Adwa, a town situated in Northern Tigray, near the southern border of Eritrea, hosted one of the most influential battles in Ethiopia and Africa’s history. The battle of Adwa, which saw the Ethiopian army triumph over the Italian became a major point of motivation for most anti-colonialists because it served as a sort of representation of the potential of African military intelligence. But then what event led to the battle of Adwa in March 1896?
It all began with the audacious division of African countries by some European countries during the Berlin conference among themselves in 1884/1885. During the conference, the participating countries came to a consensus that Italy could take Ethiopia as its colony – and so the Italians began their colonisation escapades in Ethiopia.
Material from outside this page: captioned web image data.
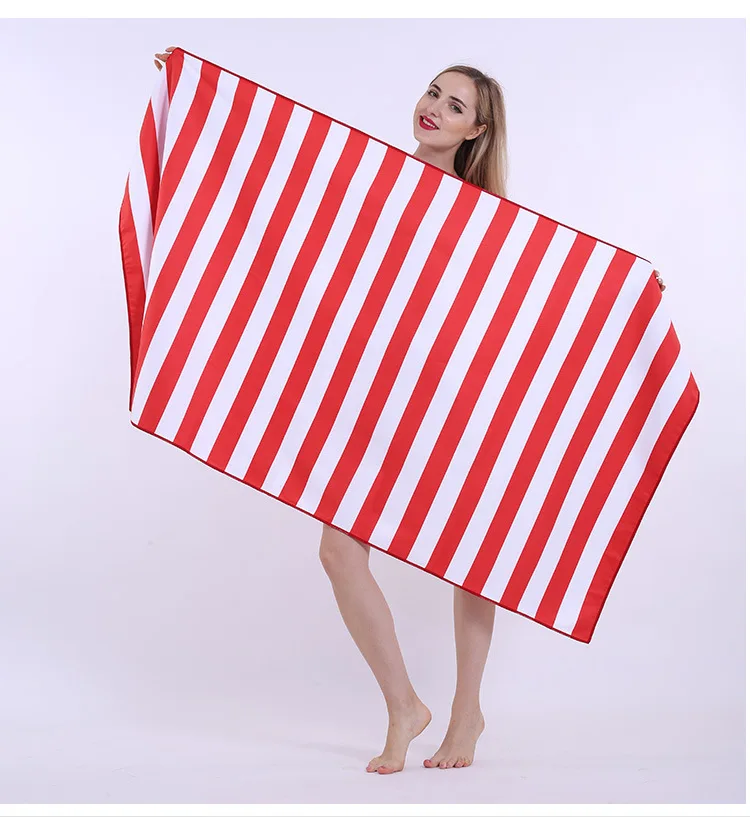 

Outdoor Beach Swimming Bath Towel Striped Beach Towel Microfiber Quick-drying Lightweight Soft Chair Cover Bath Blanket 160x80cm
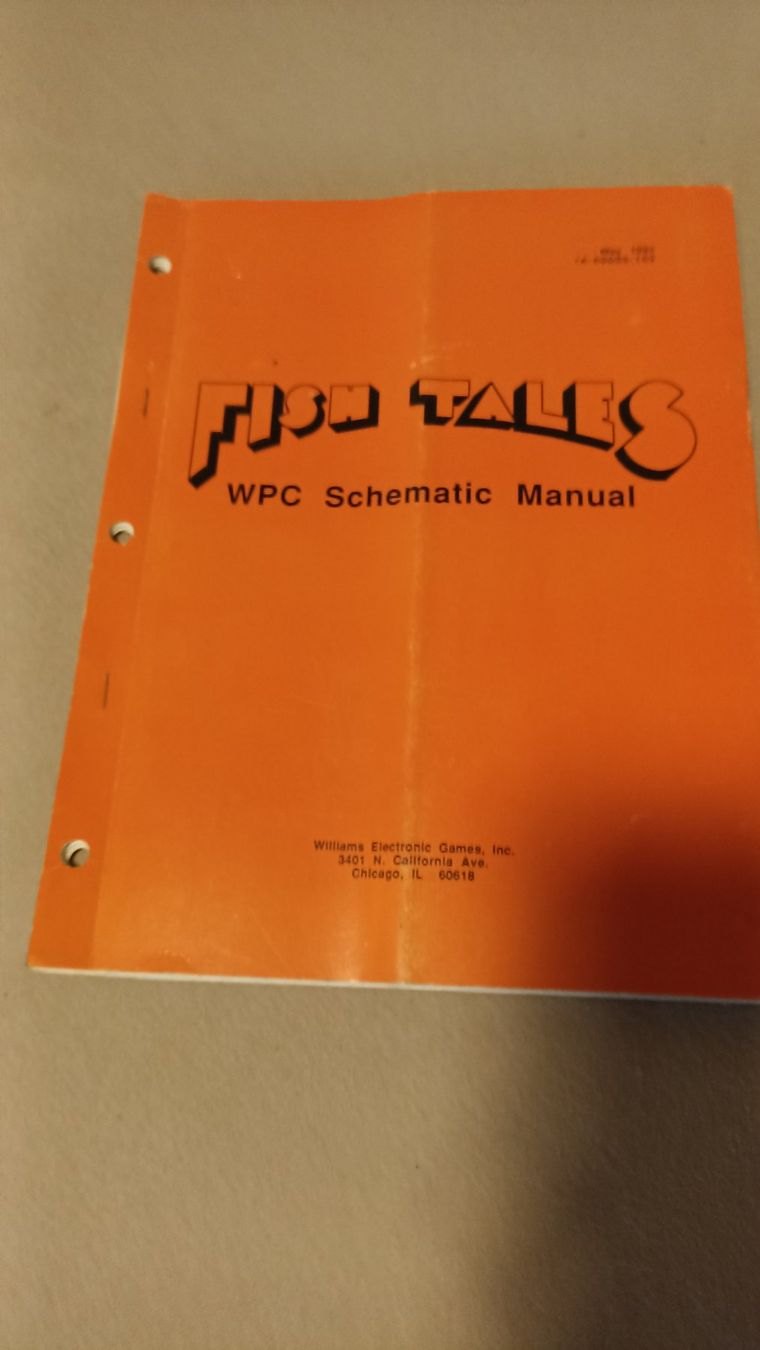 Flipper: FISH TALES WPC Schematic Manual – Usato da Wettingen venduto da extraball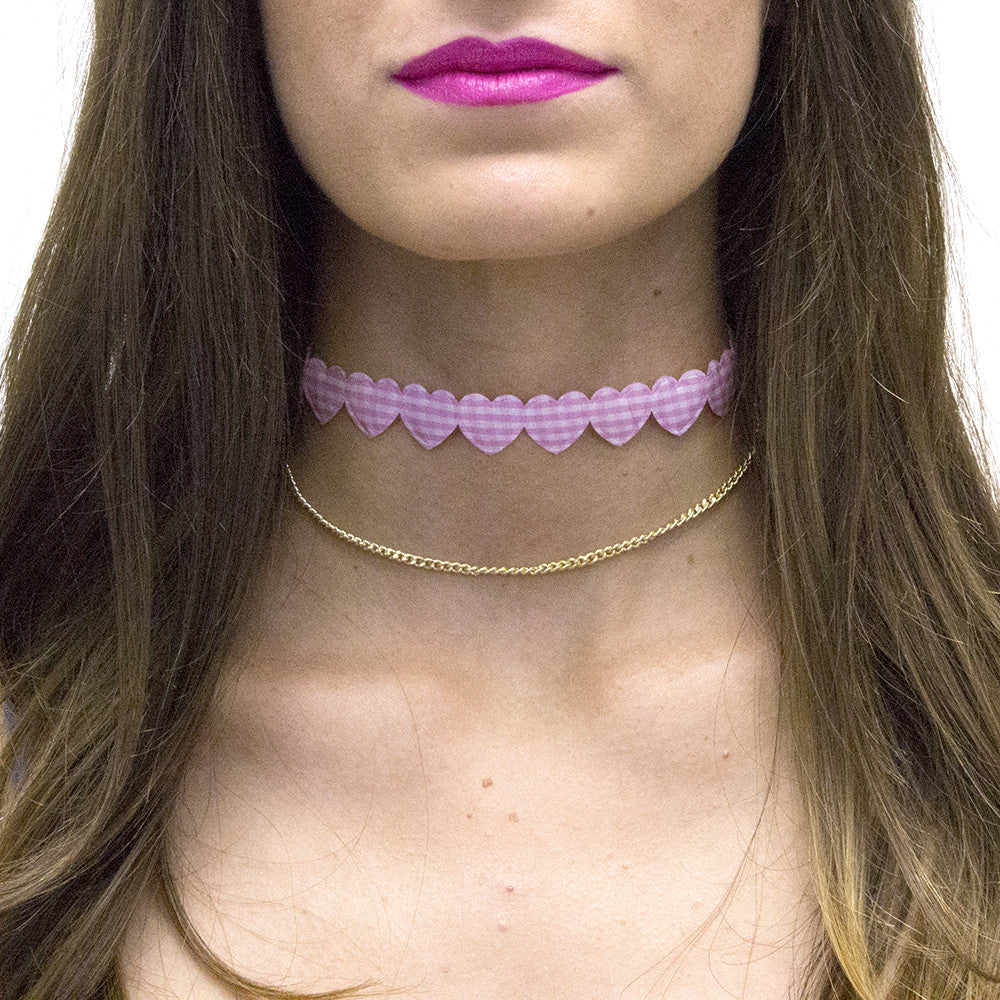 Pink Gingham Heart Choker Chain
They were met with some resistance from the Ethiopian natives which culminated in the signing of the treaty of Wichale in 1889.
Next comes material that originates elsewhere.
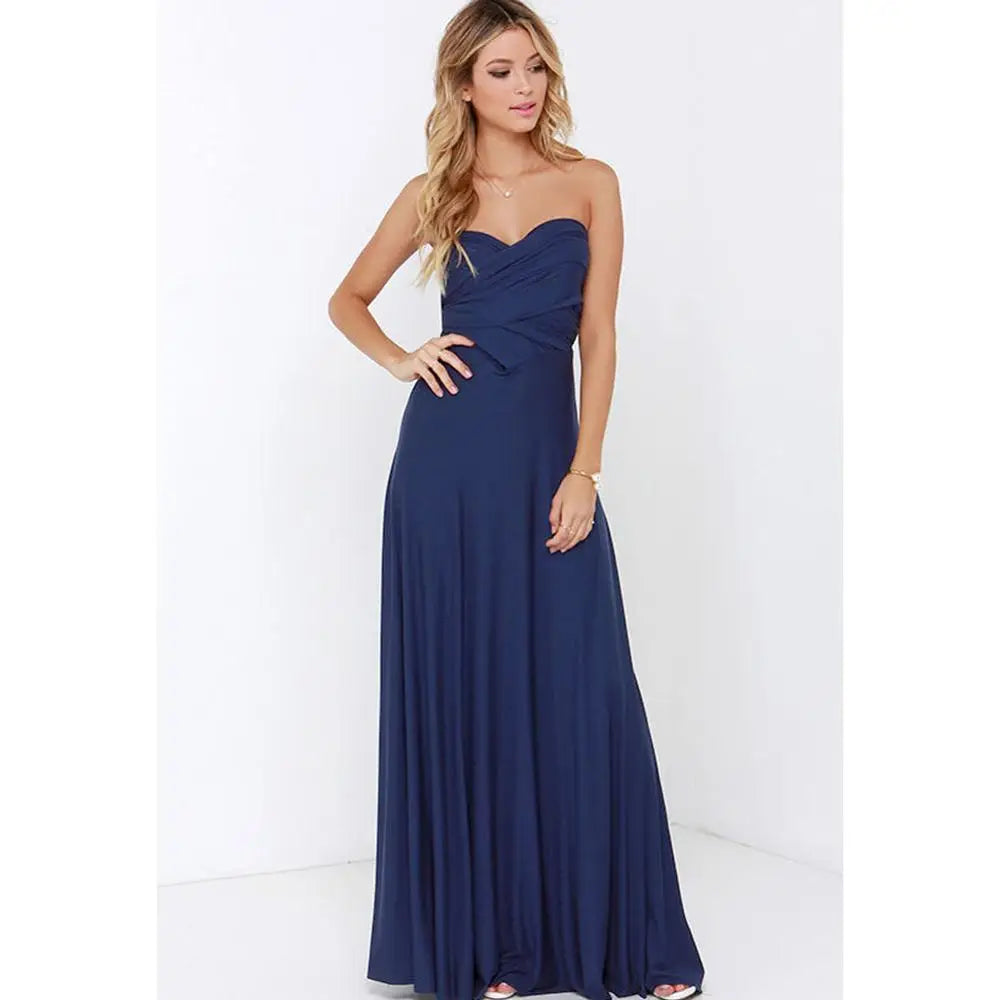 Women Sexy Multiway Wrap Convertible Boho Maxi Bandage Long Dress Party Bridesmaid Infinity Robe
In the treaty, Italy was to provide Ethiopia with financial and military resources in exchange for control over some of the northern territories. Unbeknownst to Menelik II, the then emperor, Italy had an ulterior motive – that is to make Ethiopia a colony; so in the Italian version of the treaty it was inscribed that Ethiopia would become a protectorate of Italy – this was not congruent with the agreed reason for the signing of the treaty and so Menelik II pointed out the inaccuracies in the treaty and demanded for an adjustment of it to fit the genuine intention for signing it, but this was rejected by the Italians resulting in Menelik II rejecting the treaty in 1893. So a series of conflicts rose between the Italians which consequently led to the battle of Adwa.
Menelik II declared war on the Italians in 1895. The emperor amassed an army consisting of people – both men and women – from all the kingdoms in Ethiopia who all joined the effort in protecting their territory from the greed-driven and power-hungry Italians who took the rejection of the treaty as a sign of disrespect, and believing their armies to be superior, sought to take over Ethiopia forcibly through war – but little did they know.
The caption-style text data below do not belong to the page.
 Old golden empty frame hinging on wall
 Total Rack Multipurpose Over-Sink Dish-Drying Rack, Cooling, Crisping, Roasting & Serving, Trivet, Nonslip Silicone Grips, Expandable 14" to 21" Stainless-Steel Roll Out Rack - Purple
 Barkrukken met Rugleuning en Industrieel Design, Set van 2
During the battle, one of the Italian brigades was spotted by Spies of Ras Alula, chief military advisor to Menelik II, reported to Menelik that an Italian brigade was matching through Adwa. With this information in hand, Menelik II devised a plan to annihilate the matching brigade. Led by Albertone, the marching Italian brigade was effortlessly wiped out by a spirited and determined Ethiopian army who did so with the aid of guns. Another Italian brigade, led by Arimondi, unlike the first brigade led by Albertone, stood their ground and fought the Ethiopians with equal aggression but a release of 25,000 soldiers by Menelik II into the battlefield was enough to force the brigade into succumbing to defeat. Another Italian brigade, led by Damorbida, was also effortlessly wiped out by an Ethiopian Calvary force. The General in Charge of Italian army during the battle of Adwa, General Baratieri, accompanied by two brigades were as well annihilated leading to the defeat of the Italians by the Ethiopians.
Some of the most notable figures who contributed to the victory in Adwa, apart from the Emperor himself, were; Etege Tayitu (wife of the Emperor), Ras Mikael (Father of Emperor Haile Selassie), Negus Tekle, Ras Alula and Ras Mengesha.